Until recently, teams were building a small handful of Kafka streaming applications. They were usually associated with Big Data workloads (analytics, data science etc.), and data serialization would typically be in AVRO or JSON.
Now a wider set of engineering teams are building entire software products with microservices decoupled through Kafka. Many teams have adopted Google Protobuf as their serialization, partly due to its use in gRPC.
In the latest version of Lenses, we now fully support Kafka data observability and Kafka stream processing with Protobuf schemas managed in a Schema Registry.
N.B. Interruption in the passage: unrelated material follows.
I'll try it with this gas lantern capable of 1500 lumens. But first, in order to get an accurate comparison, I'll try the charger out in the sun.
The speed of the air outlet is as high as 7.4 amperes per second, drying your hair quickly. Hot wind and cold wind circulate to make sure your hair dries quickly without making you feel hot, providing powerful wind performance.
In this blog, we’ll show you how to create your first application with Protobuf and explore this data in Lenses.
Some context on Protocol buffers
Protocol buffers is an open source data format introduced at Google in 2001, often combined with gRPC and found in microservice-based software architectures.
Several features of Protobuf make it a good fit for this type of direct service-to-service communication:
Protobuf allows several systems to agree on the format of messages and correctly typecast native to the programming language.
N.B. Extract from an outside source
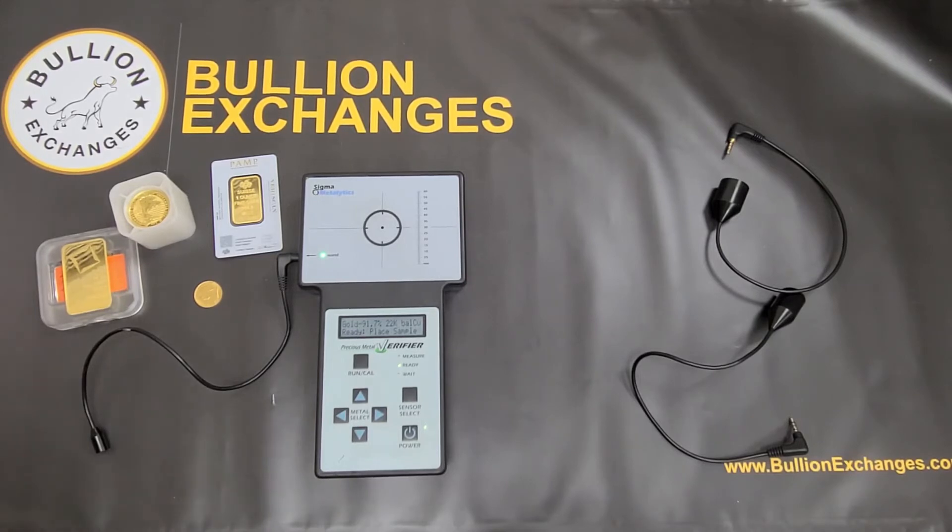People have also asked how often we restock. We restock all the time on our website. So if you don't see something, check back. But you can also go to the specific product you want — there's a notify me button on that product when it's out of stock. Click the notify me button, enter your email, and we'll send you an email as soon as we restock.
It allows for both backward and forward-compatible schema evolutions (i..e old consumers can consume messages from new producers/servers and vice-versa).
It has broad language support. Its protoc compiler can generate builder classes for most programming languages.
Its compact, binary format allows for faster performance when serializing/deserializing ( more than 5x faster than JSON).
Why Protobuf for Kafka?
So Protobuf makes sense with microservices and is gaining a wider appeal than AVRO. If Protobuf is so commonly used for request/response, what makes it suitable for Kafka, a system that facilitates loose coupling between various services?
Loose coupling in Kafka increases the likelihood that developers are using different frameworks & languages. A schema like Protobuf becomes more compelling in principle, transferring data securely and efficiently.
Confluent Platform 5.5 has made a Schema Registry aware Kafka serializer for Protobuf and Protobuf support has been introduced within Schema Registry itself.
And now, Lenses 5.0 is here. It provides first-class Protobuf support:
Let’s go over an example of interacting with Protobuf data. To see an end-to-end (local) flow, we will:
- Build a basic application that produces Protobuf data (in Java)
- Send that Protobuf data to Kafka
- Explore the data in Lenses Box
- Consume the data through a Node.js application
What we need:
Docker installed
Java/Maven installed
An IDE (we will be using vsCode on our example)
NPM/Node installed
Before we begin, let’s get to know our tools and how they interact with each other:
Lenses Kafka Docker Box
Lenses Box allows us to connect applications to a localhost Apache Kafka docker inside a container.
Apache Kafka, Schema Registry, and an ecosystem of open source Kafka tools are already pre-configured for us in a single Docker. Perfect for us, since we don’t need to spin up each of these services independently:

Schema Registry
Schema Registry allows us to maintain a repository of schemas that our applications will depend on, interacting via Producer and Consumer applications to provide a reliable single source of truth.
Kafka Producers
The producer checks for the schema in its cache prior to sending the data.
If the schema is not found, the producer first sends (registers) the schema in the Schema Registry and gets back the schema ID.
It then produces the serialized data to Kafka along with the schema ID.
Kafka Consumers
Similarly, when consuming data, the consumer first checks its local cache to find the schema using the schema ID.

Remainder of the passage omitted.